I’m more than happy to conduct a Q&A with all the Rugby Australia board members and I know that it would be easy to prove that they know very little about coaching.
But they’re going to hold *Michael Cheika to account.
How you do that, I don’t know.
I should point out that the article prompted comment, as well, from former board member Geoffrey Stooke, an outstanding West Australian servant of the game.
He corrected many of the so-called “facts” in Smith’s article.
And of the article, Stooke says: “The sale of the Rebels to the VRU was done without formal board approval, despite the board being advised previously that any ‘on-selling’ would require board approval. When this occurred I asked how this could happen without board approval and I was advised they’d found a ‘loophole’. This seemed strange as subsequent information suggests the ARU was directly involved in the transaction … with the Rebels refusing all attempts to ‘depart’ (and this was stated publicly) the only team that the ARU could legally, forcibly remove was the Western Force. This suggests that the so-called ‘evaluation process’ was a sham.”
That’s precisely what I have written in the past. If Smith wants to suggest I should “work within the rugby system”, then may I suggest to him that when he writes about the system, he should make sure he gets it right.
I have written 28 columns for this paper and in all of them I have sought to do two things: point out the problem and volunteer a *solution.
At no point has anyone from Rugby Australia spoken to me.
I was invited to coach the Barbarians last year, not by Rugby Australia. At no time did anyone from Rugby Australia speak to me or our visiting Barbarian guests.
If I might say immodestly, I have coached premiership sides at school level, sub-district level, grade level and national level.
I say that only because I am writing with an inside understanding of what works.
I also referenced last week the formation of the Australian Club Rugby Association. It’s not being set up to take over the running of rugby. It’s to give voice to grassroots rugby in Australia’s rugby* *future.
At present, the grassroots have no voice and no power. This is a major flaw in the structure of rugby in Australia.
Smith wants me to get inside the tent. Wayne, which bloody tent?
You see, there are some so-called rugby journalists who live off the scraps thrown to them by Rugby Australia.
Why would they bite the hand that feeds them and write of the *issues that I’m addressing?
What does it say about an organisation like Rugby Australia when it feeds “exclusive stories” to its “mates”? Does that quarantine them from serious media criticism?
I’m not a journalist. I’m a coach. And I’ve been asked to voice my opinions publicly. I’ve done that for over 30 years. I hope I’m speaking from an informed perspective.
I’ve spoken before about the Australian Schoolboys’ tent. Well, its committee is made up of two delegates from each state and territory, but NSW gets three.
Australian Schools Rugby Union president Bob Wallace is not even at a school and hasn’t been a teacher for years. Neither is the senior vice-president, Damien Barker. Nor are another five committee members.
Many of these people are not even teaching. But they run the Australian Schoolboys like it’s their own personal boys’ club.

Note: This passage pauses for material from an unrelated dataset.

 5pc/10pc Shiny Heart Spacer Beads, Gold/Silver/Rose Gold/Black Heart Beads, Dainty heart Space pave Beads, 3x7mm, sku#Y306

There has been no injection of fresh blood in the ASRU committee for years.
Young, talented teacher-coaches and administrators can’t get a look in. The tent is locked and trespassers are not welcome. It should be folded or burnt down.
What about the high-performance tent? Ben Whittaker has a credibility problem.
How can he keep his position as Rugby Australia high-performance manager when his brother, Chris, was appointed as an assistant coach at the Waratahs without the position being advertised? There appeared to be no due process.
How does a young, talented coach get inside the tent when the tent is seemingly locked to all but those with mates on the inside?
And how can you appoint a coach when you know little about coaching?
This is not the first time this has happened. Tim Walsh was appointed the men’s sevens coach without it being publicly advertised.
Were the jobs that are held with the Wallabies by Stephen Lark*ham, Nathan Grey and Simon Raiwalui advertised?
They were appointed to Wallabies coaching positions. Was there due process?
At no stage was I appointed a Wallabies coach without the job being advertised and I can remember some spirited cross-examination from an interview panel comprised of people with scarifying rugby brains.
Now, those appointed to Wallabies positions may well have been the preferred choice of the national coach. But surely there should be a process.
We are having massive defence problems at the moment. Grey was appointed the Wallabies defence coach despite a poor record in his last season at the Waratahs.
Now there’s talk that he’ll become the attack coach and Lark*ham the defence coach.
Well if Whittaker is in charge of high performance, did he challenge any of this?
How do you get an invitation to get inside the high-performance tent? I think the tent needs a spring clean.
What about the Rugby Australia tent? When Andrew Forrest offered to save the Force and plough money into our game, he was turned away from the tent by Cameron Clyne.
Forrest recently offered to revitalise rugby in western Sydney but again was denied access to the tent.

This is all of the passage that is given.